TASK REQUIREMENTS. From the line containing "不要再被电视剧骗了，真正的毛" through the last line of the records below, each line is to be repeated exactly; pictures are to be omitted.

Short web captions
○ ○ ○ ○ ○ ○ ○

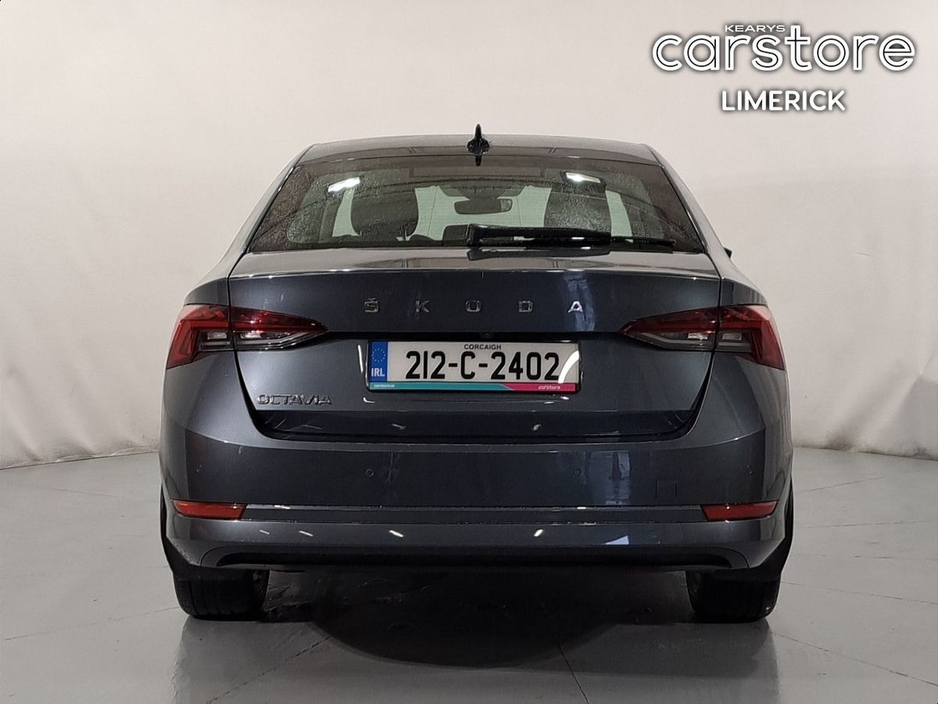 2021 Skoda Octavia - image 4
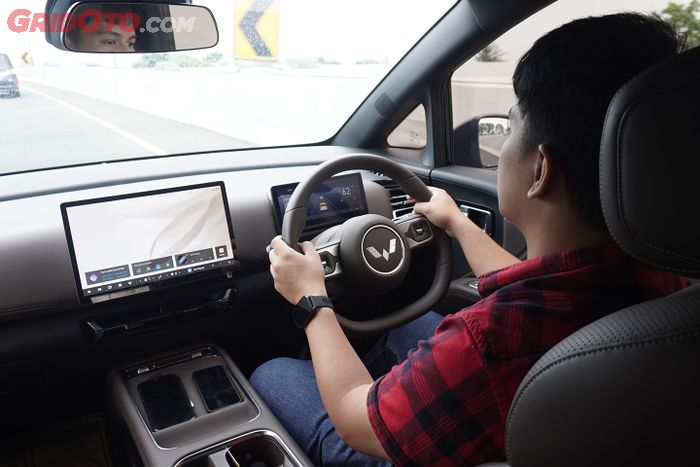 Wuling Darion PHEV terasa mewah di interior, lengkap dengan LING OS.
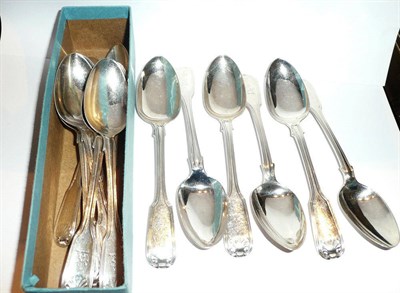 Lot 139 - A composite set of twelve of silver teaspoons, 10oz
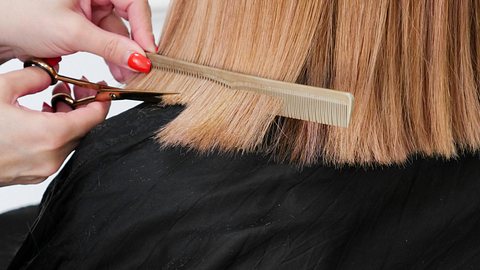 Mittellange Frisuren: Diese 5 flotten Frisuren für schulterlanges Haar verdrehen im Frühling modebewussten Frauen den Kopf - Foto: Natasa Ivancev/iStock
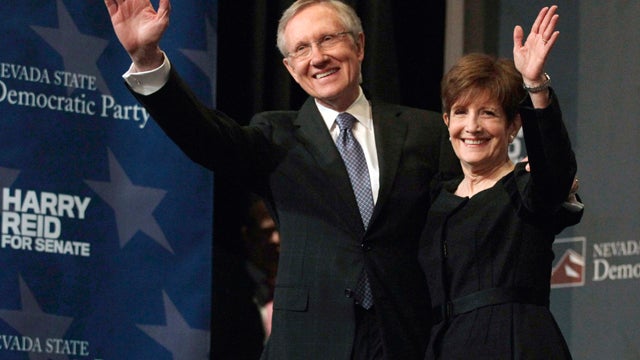 101102-Harry_Reid-Landra_Reid-AP101102021249.jpg 
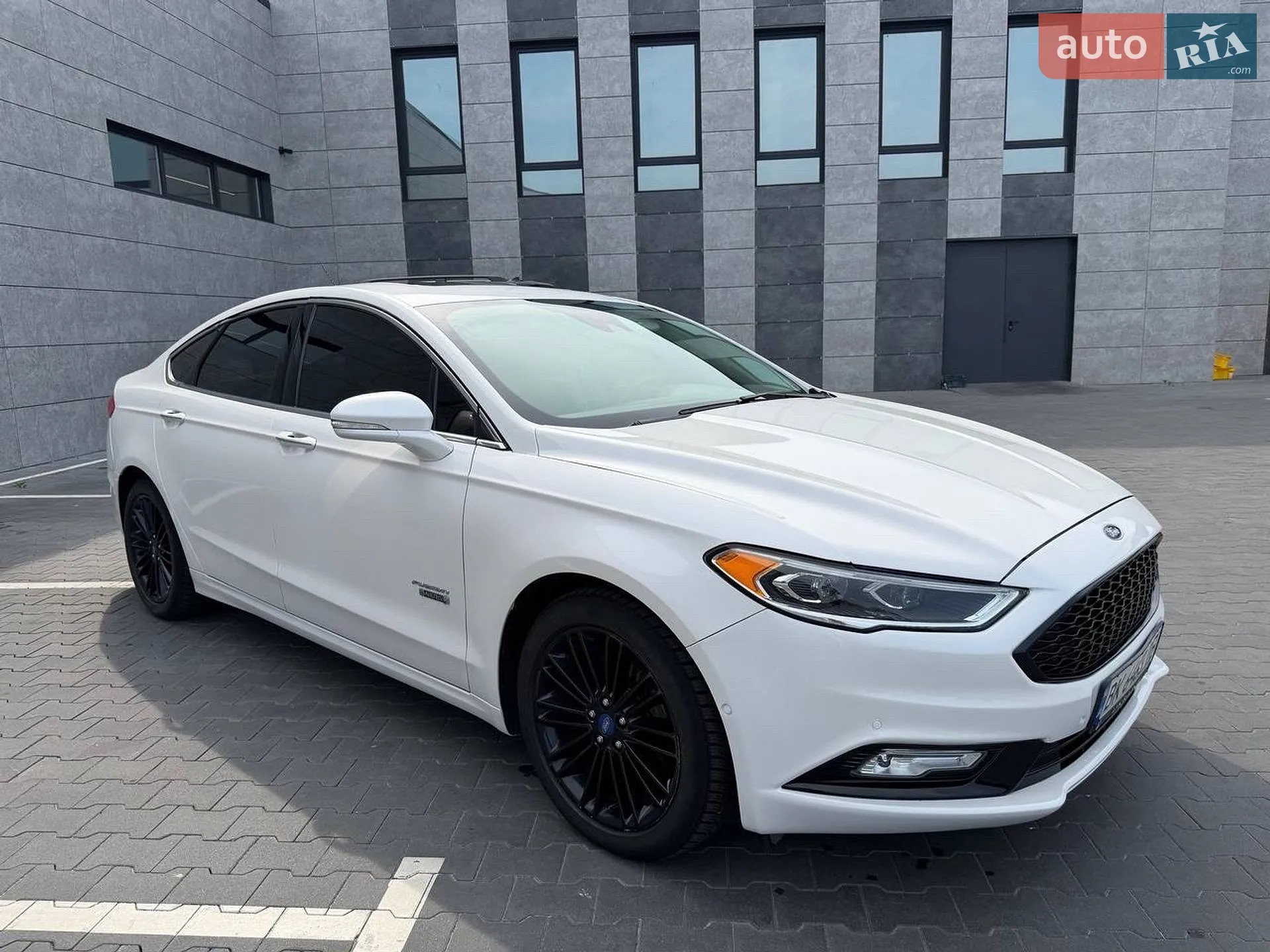 2017 Ford Fusion - мініатюра 12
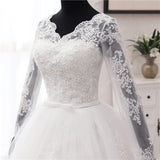 runhufu Spring Lace Appliques Wedding Dresses Long Sleeve Vestidos De Novia 2023 White V-Neck Princess Bride Wedding Gowns Plus Size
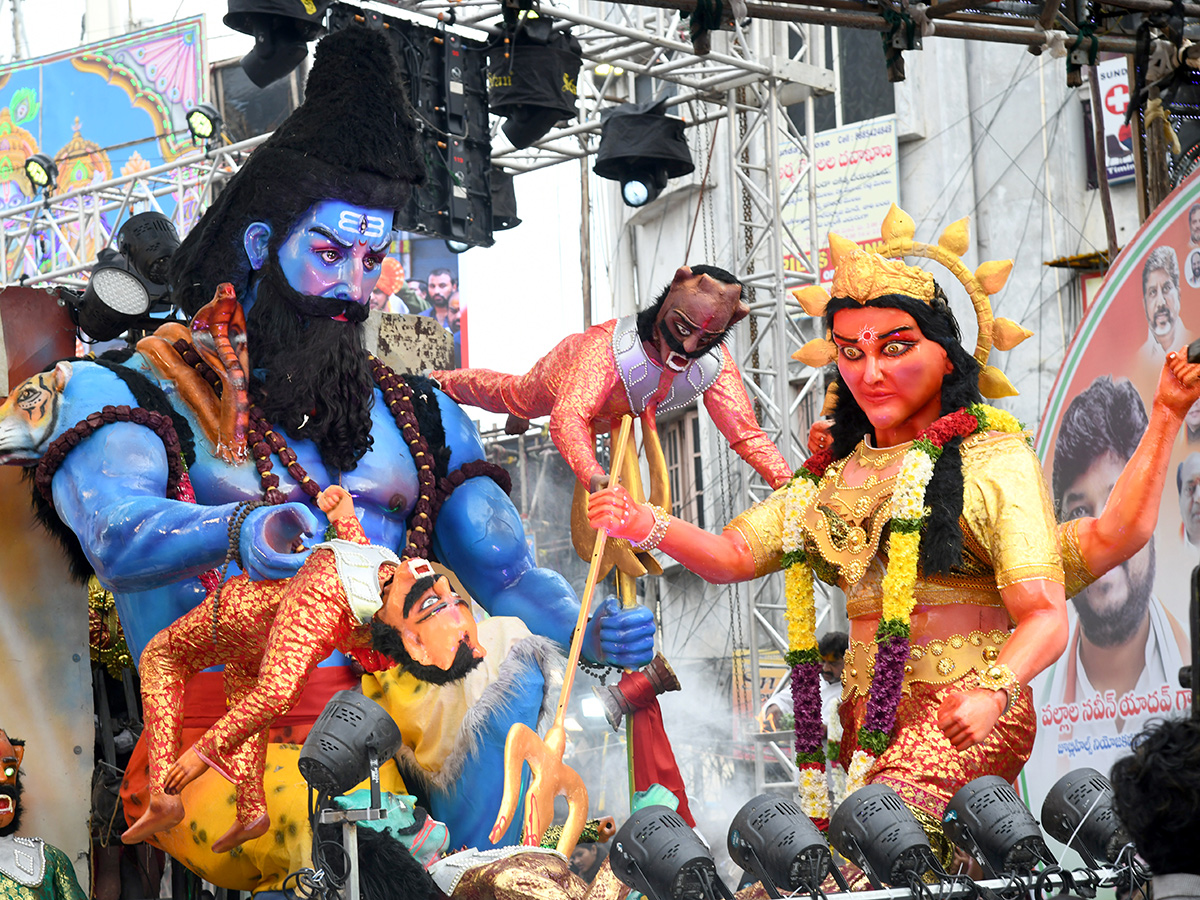 Ashadam_20Bonalu_202026_20Festival_20in_20Hyderabad_20Photos__20_286_29.jpg 6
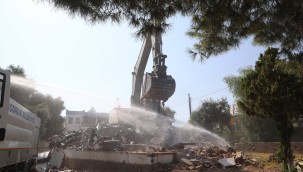 BODRUM'DA KAÇAK YAPILAŞMA İLE MÜCADELE SÜRÜYOR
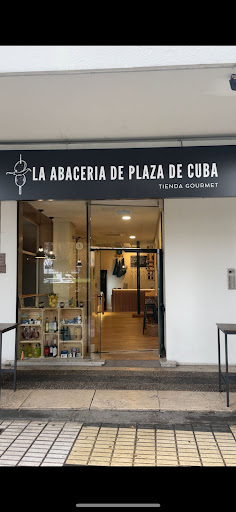 La abaceria de plaza de cuba tienda gourmet ubicada en Seville (Sevilla)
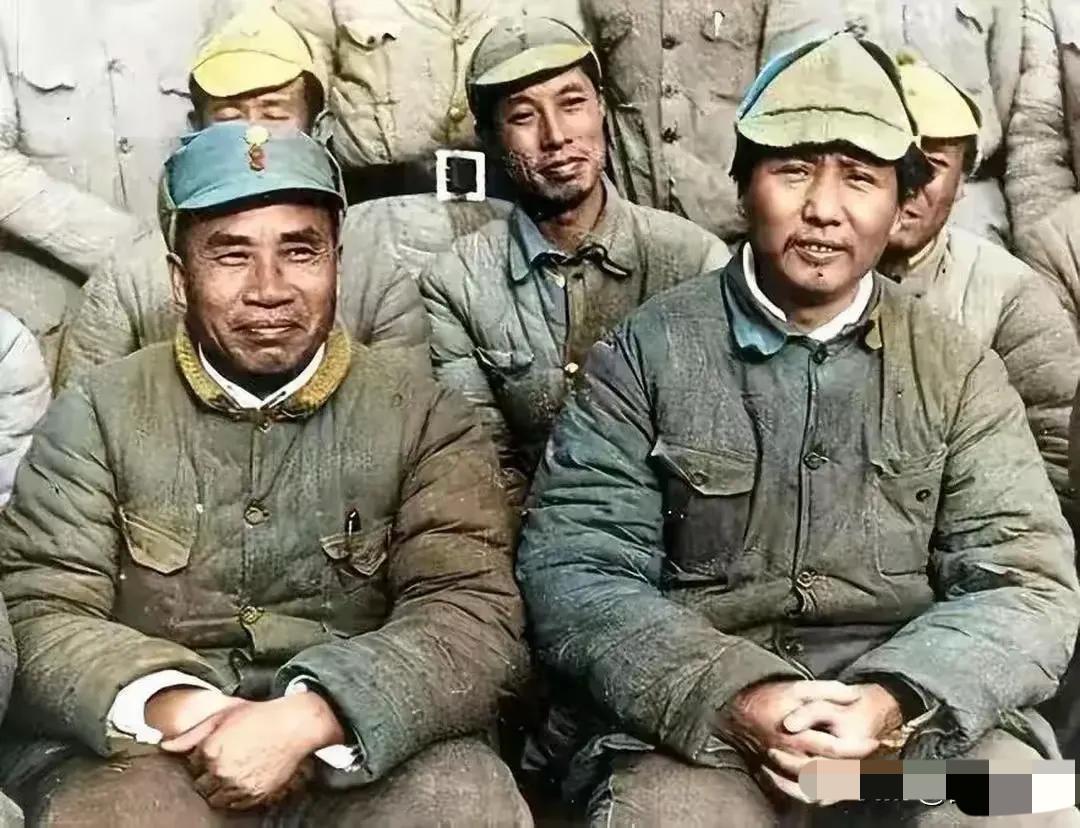 不要再被电视剧骗了，真正的毛主席是这样的，从来不管衣服怎么样，能穿就行，一件睡衣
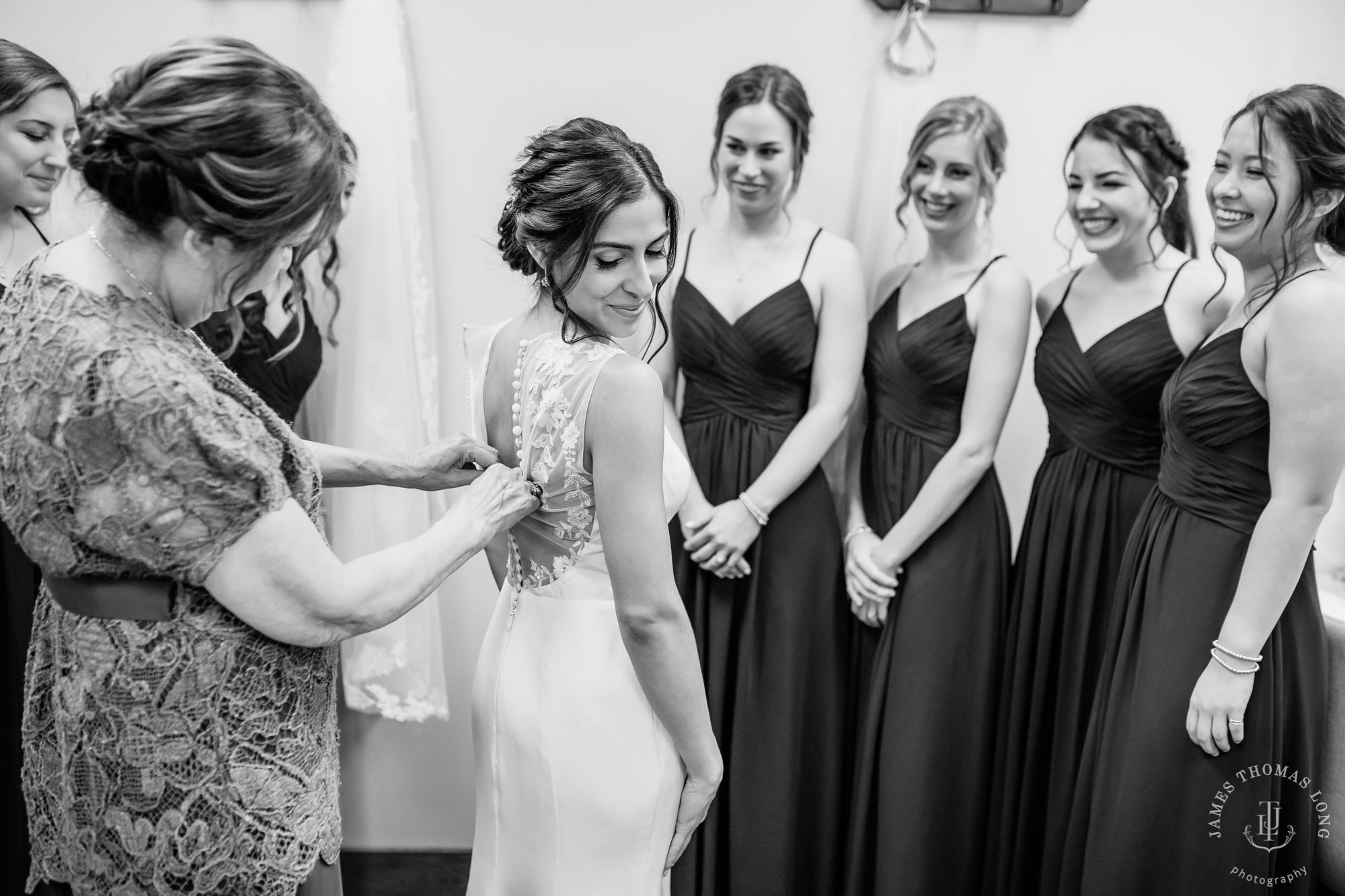 The Club at Snoqualmie Ridge wedding by Snoqualmie Wedding Photographer James Thomas Long Photography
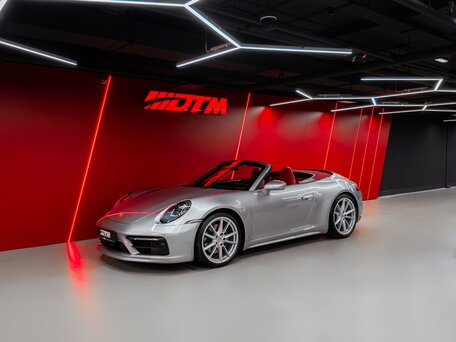 Porsche 911 VIII (992)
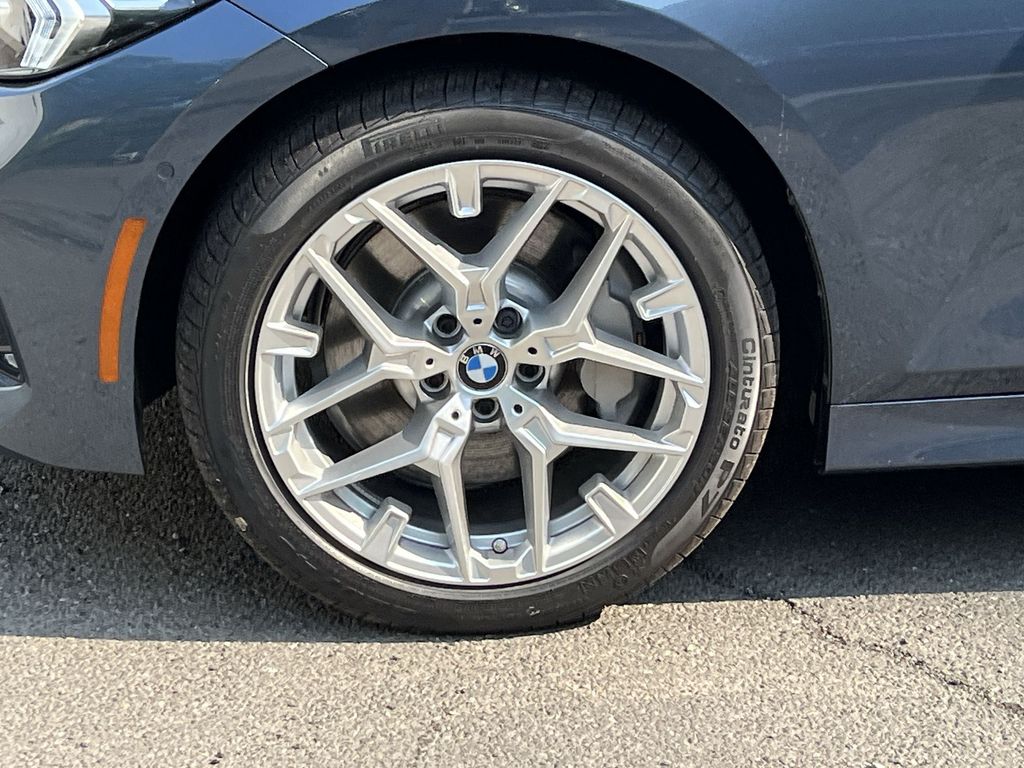 2025 BMW 3 Series 330i xDrive 10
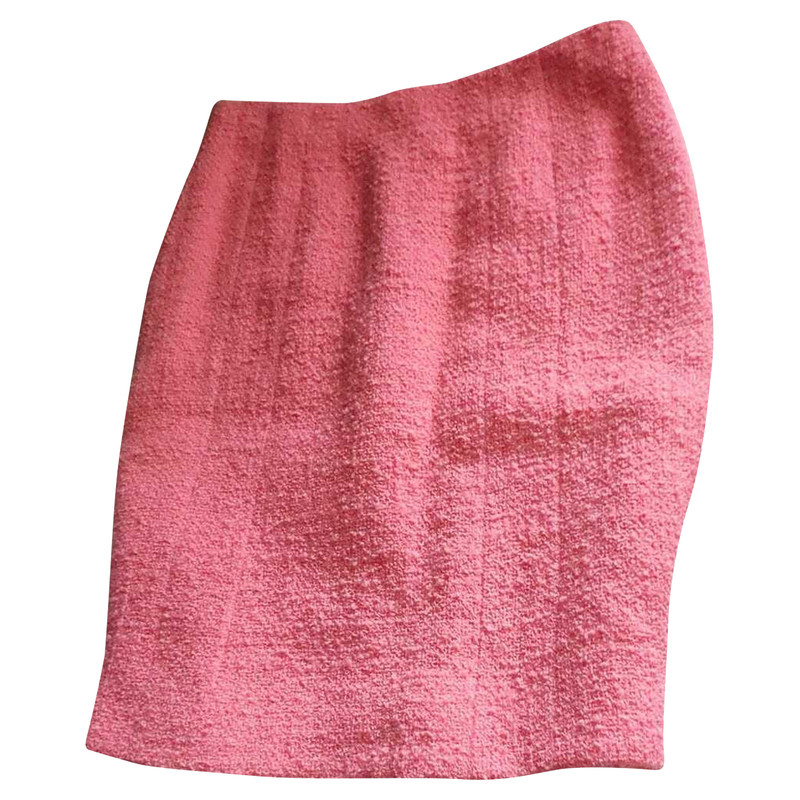 pink chanel skirt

○ ○ ○ ○ ○ ○ ○

RESULT OF THIS TASK.
 不要再被电视剧骗了，真正的毛主席是这样的，从来不管衣服怎么样，能穿就行，一件睡衣
 The Club at Snoqualmie Ridge wedding by Snoqualmie Wedding Photographer James Thomas Long Photography
 Porsche 911 VIII (992)
 2025 BMW 3 Series 330i xDrive 10
 pink chanel skirt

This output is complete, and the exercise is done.